Image-caption web data
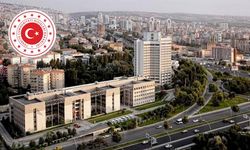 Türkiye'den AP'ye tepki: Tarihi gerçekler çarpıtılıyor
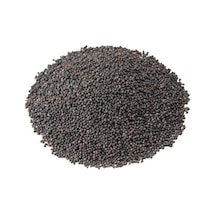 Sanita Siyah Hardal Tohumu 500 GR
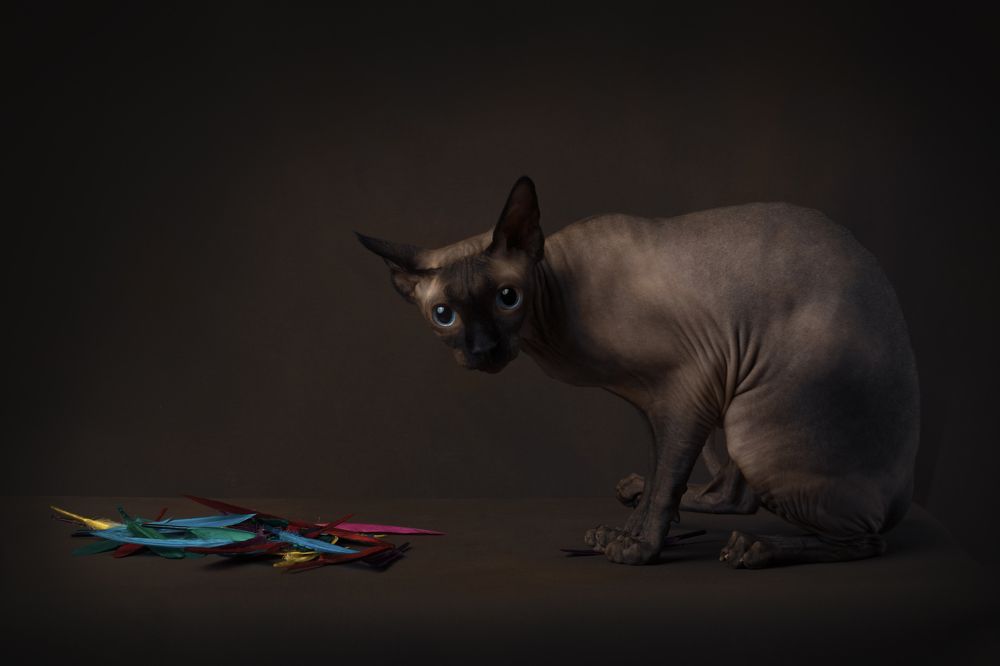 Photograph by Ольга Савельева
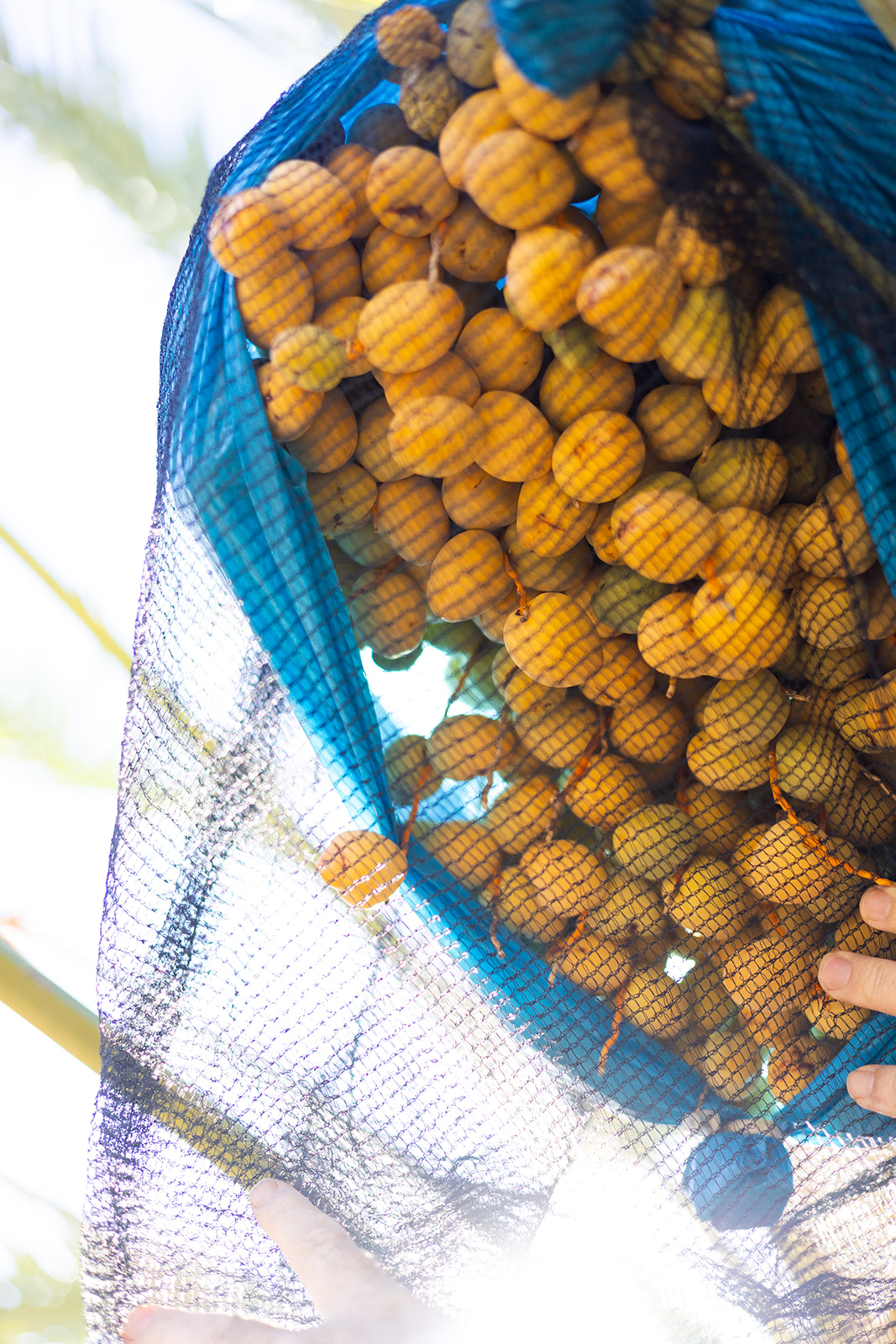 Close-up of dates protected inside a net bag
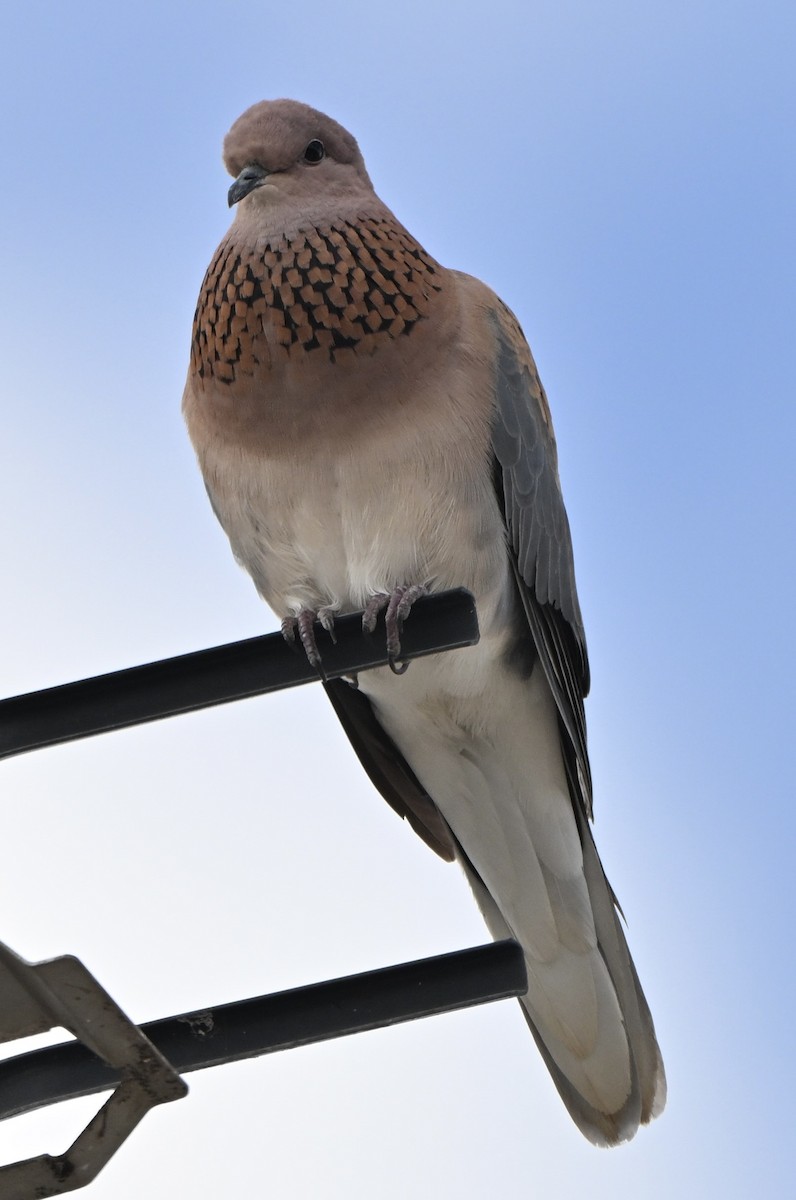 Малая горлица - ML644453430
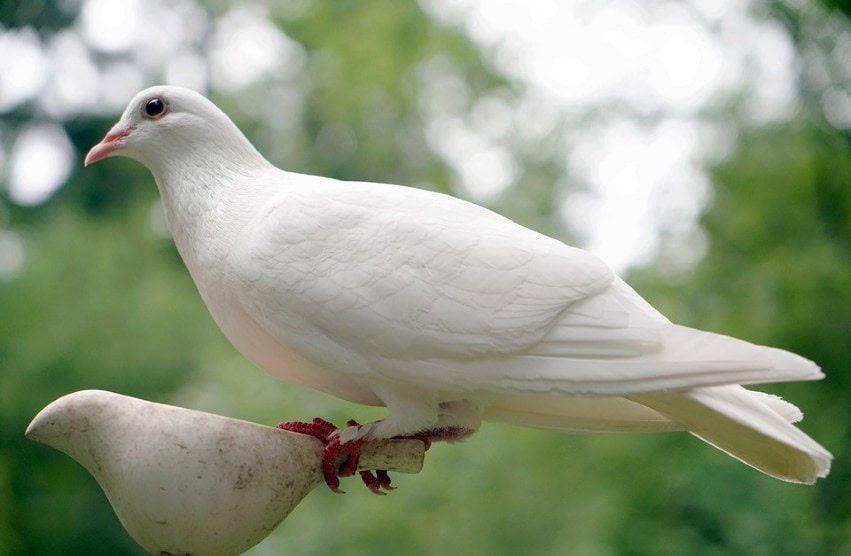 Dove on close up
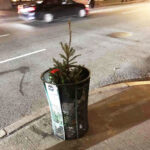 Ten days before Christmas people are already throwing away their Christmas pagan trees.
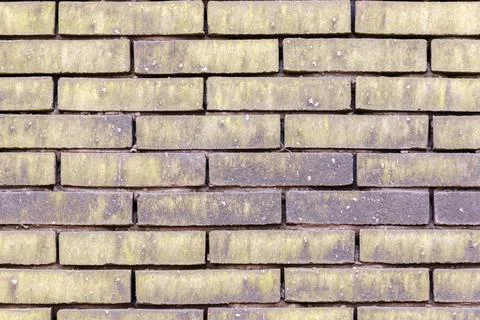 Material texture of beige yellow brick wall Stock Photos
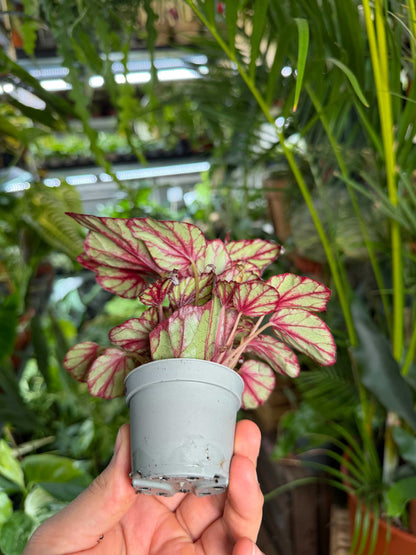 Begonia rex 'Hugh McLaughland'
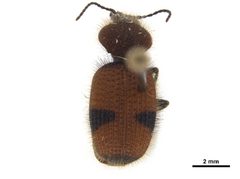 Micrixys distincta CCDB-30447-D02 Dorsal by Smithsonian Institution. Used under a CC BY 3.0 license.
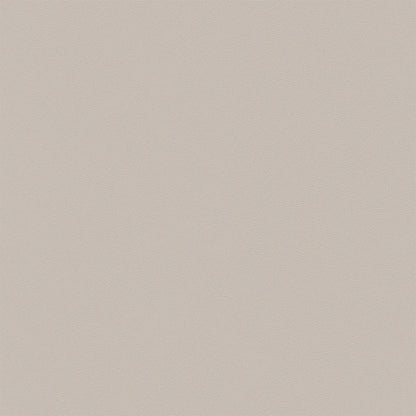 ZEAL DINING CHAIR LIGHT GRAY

• **PROBLEM REQUIREMENTS**
Each line from the line containing "Micrixys distincta CCDB-30447-D02" through the last line above must be written out exactly, and every picture must be omitted.

• **TASK OUTPUT**
 Micrixys distincta CCDB-30447-D02 Dorsal by Smithsonian Institution. Used under a CC BY 3.0 license.
 ZEAL DINING CHAIR LIGHT GRAY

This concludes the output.